Un arrêt de la Cour d’Appel de Paris du 8 avril 2014 a condamné un dirigeant social en insuffisance d’ac

La distribution de dividendes peut être fautive

Un arrêt de la Cour d’Appel de Paris du 8 avril 2014 a condamné un dirigeant social en insuffisance d’actif dans le cas d’une distribution de dividendes, alors même que cette décision avait été prise par l’assemblé générale des associés.

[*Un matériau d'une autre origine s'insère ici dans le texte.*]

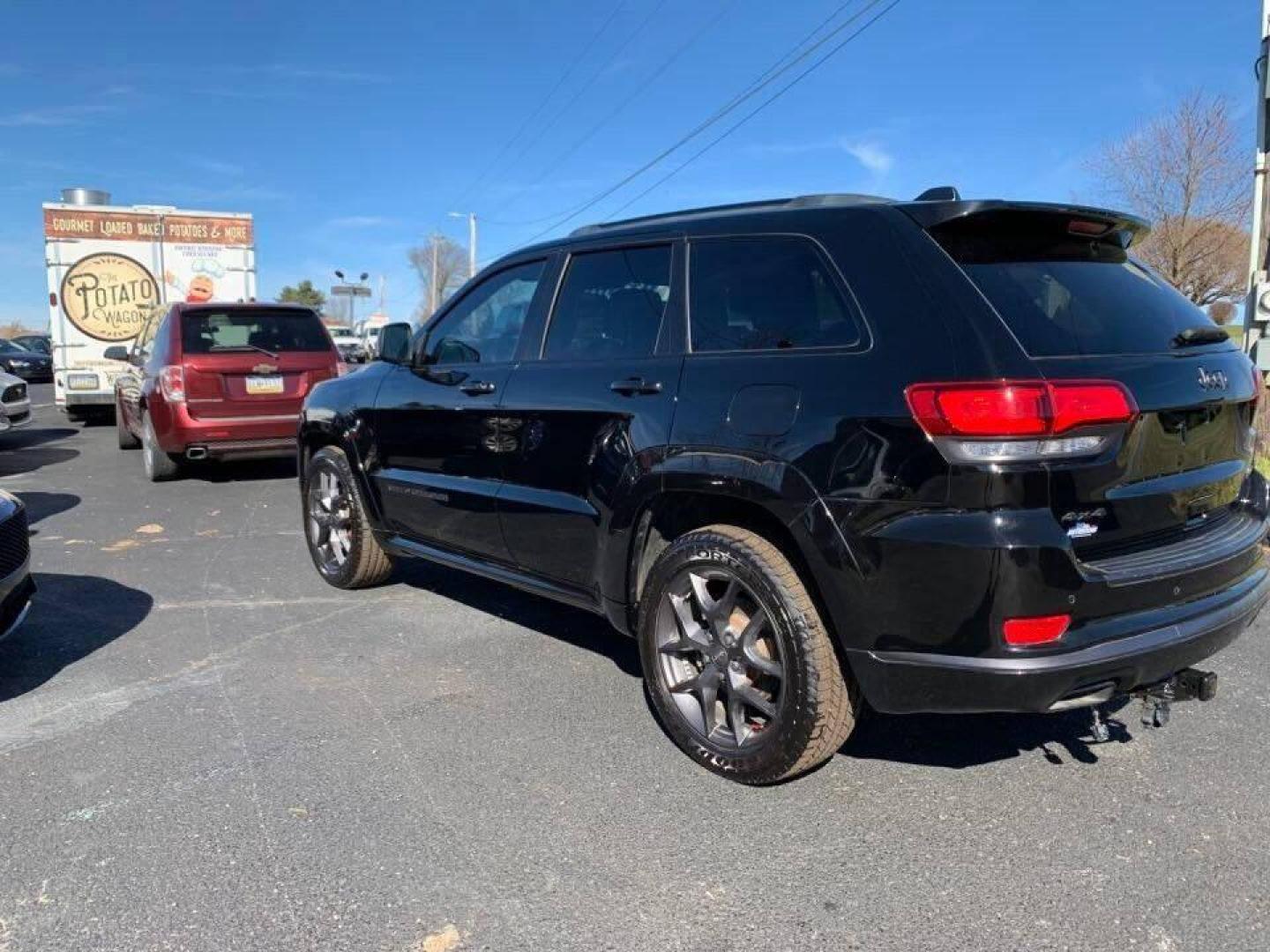 2019 Black Jeep Grand Cherokee (1C4RJFBG0KC) with an 3.6L V6 3.6L V6 engine, located at 4845 Woodbury Pike, Roaring Springs, PA, (814) 317-5008, (814) 317-5008, 40.250935, -78.366959 - Photo#5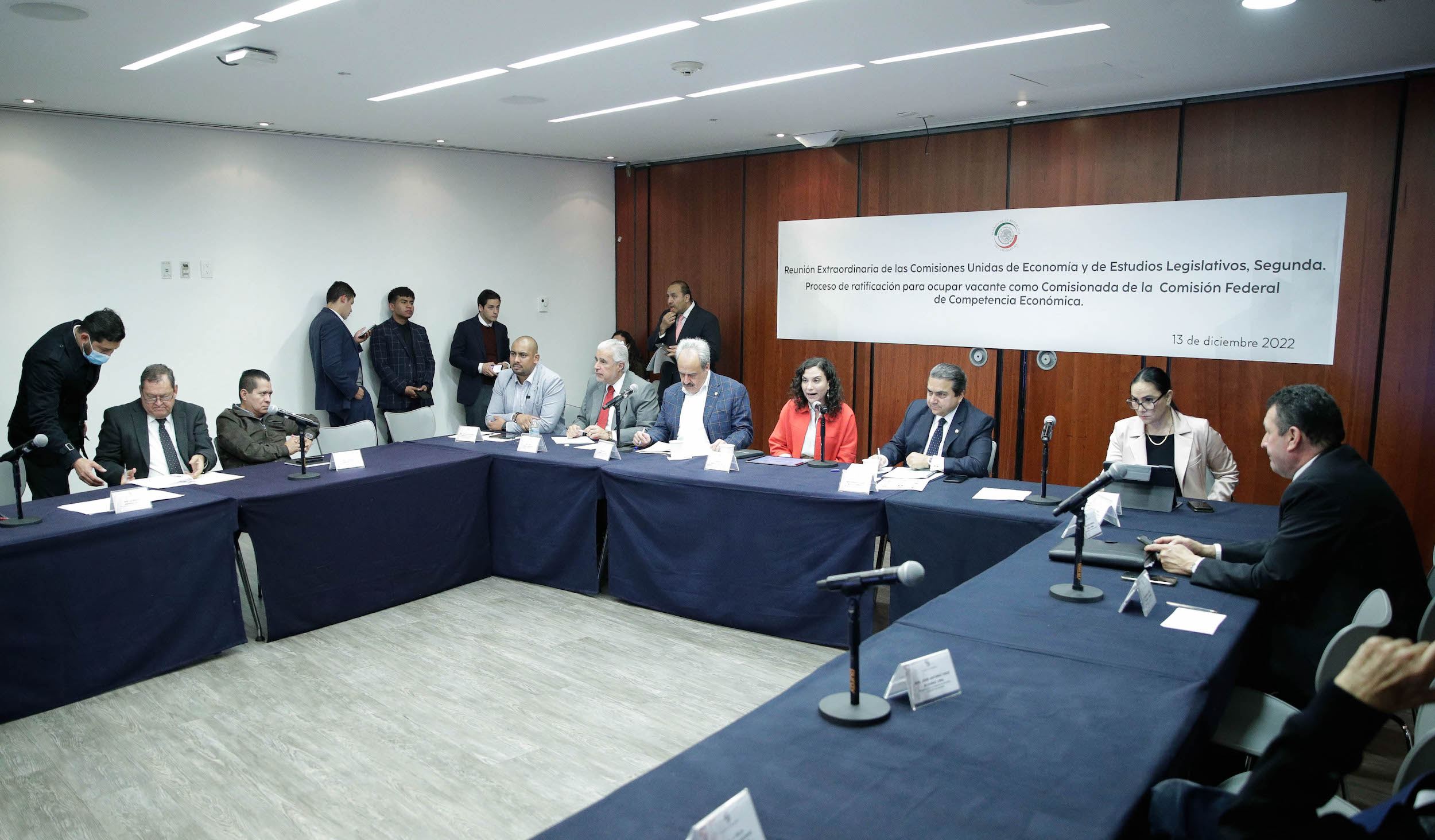Reunioin de las comisiones unidas de Economiia y de Estudios Legislativos Segunda-
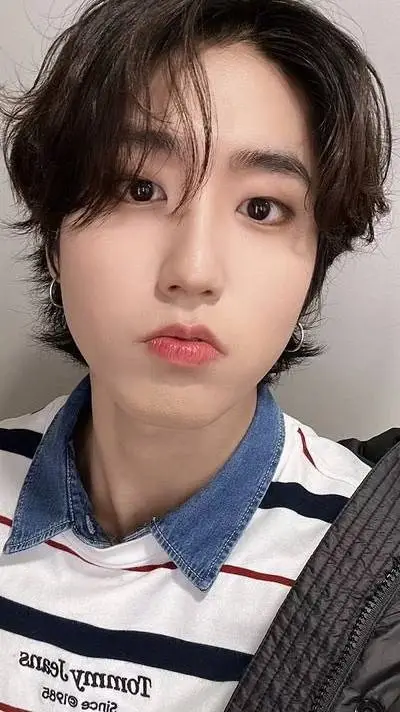 ai character: Han  background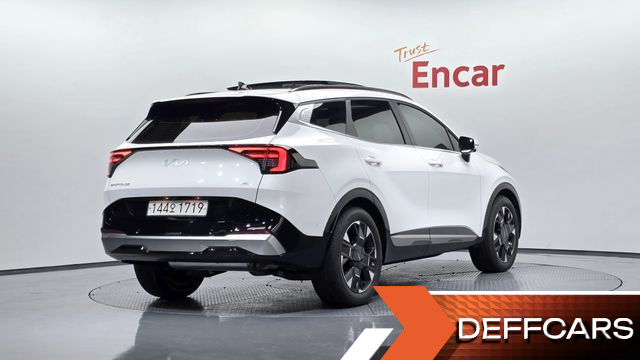 Kia SPORTAGE HEV 1.6 2WD Signature купить на сайте DeffCars
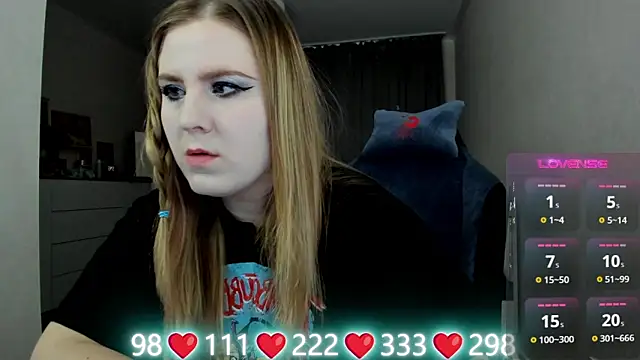 Olivia_Munk's cam snapshot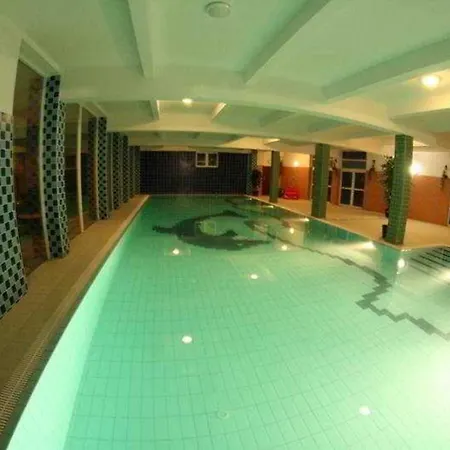 Daisy Superior Hotel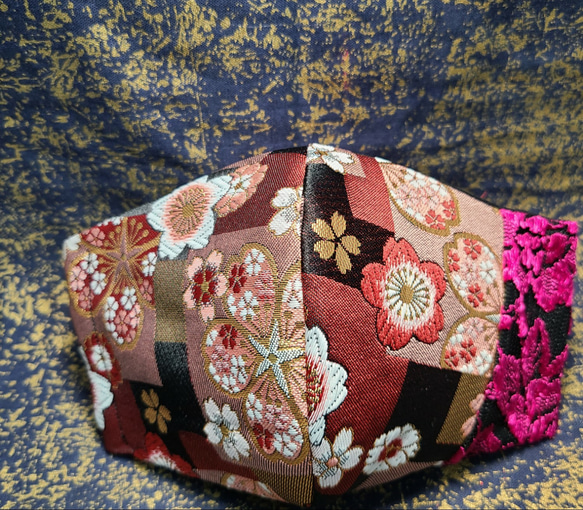 高級京都西陣織 立体マスク モダン桜黒赤×濃いピンクレース 3枚目の画像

Mais, en se trouvant à l’initiative de cette distribution, la Cour a estimé que le dirigeant avait commis une faute de gestion.

Cet arrêt donne l’occasion de préciser les contours, parfois incertains, de la notion de faute de gestion dans l’action en responsabilité pour insuffisance d’actif.

Lorsqu’une société fait face à des difficultés financières entrainant une liquidation judiciaire, les dirigeants sociaux peuvent être mis en cause dans une action en responsabilité pour insuffisance d’actif.

Cette action vise à sanctionner une faute de gestion d'un ou de plusieurs dirigeants ayant contribué à l'insuffisance d'actif caractérisée.

La condition préalable à cette action est l’existence d’une insuffisance d’actif, à savoir la différence entre l’actif et le passif.

 L'insuffisance d'actif se distingue de la cessation des paiements car elle compare tout le passif exigible à tout l'actif, disponible ou non.

Par ailleurs, de manière classique dans une action en responsabilité, cette action requiert la commission d’une faute de gestion par le dirigeant social. Enfin cette faute doit avoir contribué à l’insuffisance d’actif.

La jurisprudence est très abondante sur l’action en insuffisance d’actif, elle permet d’établir les contours de la notion de faute de gestion (I), tout en admettant des causes d’exonération (II). Il convient enfin de rappeler la règle d’absence de cumul avec l’action en responsabilité civile délictuelle (III).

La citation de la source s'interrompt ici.